Seaford Associates, L.P. v. Board of Assessment Review

539 A.2d 1045 (1988)

SEAFORD ASSOCIATES, L.P. and David Cordish & Associates, Appellants,
v.
BOARD OF ASSESSMENT REVIEW, for Sussex County, Appellee.

No. 1651987.

Supreme Court of Delaware.

Submitted: December 3, 1987. Decided: March 17, 1988. Rehearing Denied April 20, 1988.

William E. Manning, and John L. Olsen, of Duane, Morris & Heckscher, Wilmington, for appellants.

Robert V. Witsil, Jr., Legal Counsel to Sussex County, Georgetown, for appellee.

Before CHRISTIE, C.J., HORSEY and WALSH, JJ.

*1046 WALSH, Justice:

This is an appeal from a Superior Court affirmance of a decision of the Board of Assessment Review of Sussex County (the "Board") which denied a property assessment reduction requested by appellant, Seaford Associates, L.P. and David Cordish Associates (collectively "Seaford Associates"). Seaford Associates contends that the Superior Court erred in sustaining the Board's refusal to consider appraisal evidence based on the income capitalization method.
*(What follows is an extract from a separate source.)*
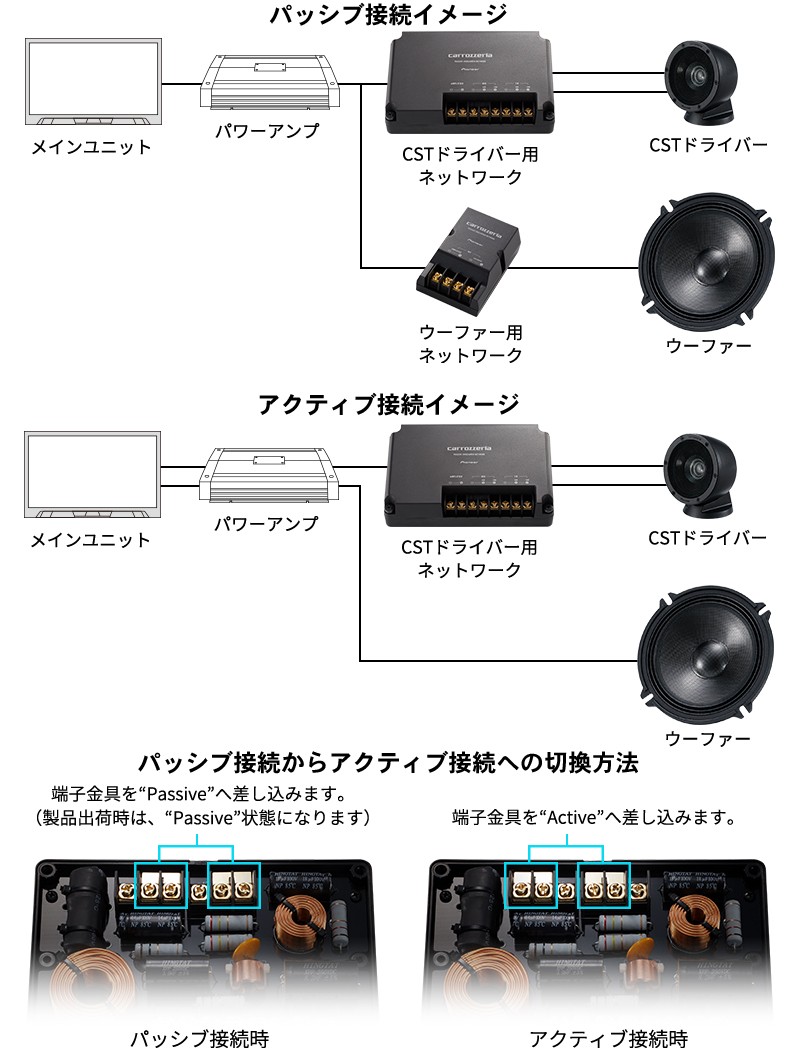 どんなジャ· carrozzeria TS-Z900PRS（スピーカーのみ） ambkd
We hold that the Board's refusal to consider such evidence based on the need for uniformity was arbitrary and erroneous as a matter of law. Accordingly, we reverse the decision of the Superior Court.

I

The pertinent facts underlying this appeal are not in dispute and the issue posed in the Superior Court, and in this Court, is essentially a legal one.

Seaford Associates is the owner of the Nylon Capital Shopping Center located on Stein Highway in Seaford, Delaware. The Nylon Center consists of three separate buildings housing various commercial establishments including a department store, a drug store, a grocery store, a bowling alley and other smaller retail shops. The center was constructed approximately twenty years ago. Most of its leases are "percentage-of-the-gross" type and are subject to periodic renewal. At the time Seaford Associates petitioned for an assessment reduction in early 1986, the Nylon Center was beginning to experience the effects of competition from a new regional shopping center, The Village Center, located on Route 13 in Seaford. Based on what it viewed as materially adverse effects on the expected income streams of its tenants, Seaford Associates sought a reduction of between 48 percent to 57 percent in the Center's 1985 assessment of $2,269,791.00.

In a hearing before the Board, Seaford Associates presented the testimony of the Nylon Center manager who described the impact of The Village Center and the population of its retail trade zone. He claimed that the Seaford area had a stable economy, and its population has grown at a steady but slow pace. The principal evidence of valuation in support of the assessment reduction was offered by Thomas C. Reynolds, an expert real estate appraiser whose written appraisal report had been supplied to the Board in advance of the hearing. It is this evidence, ultimately rejected by the Board, which is the focus of this appeal.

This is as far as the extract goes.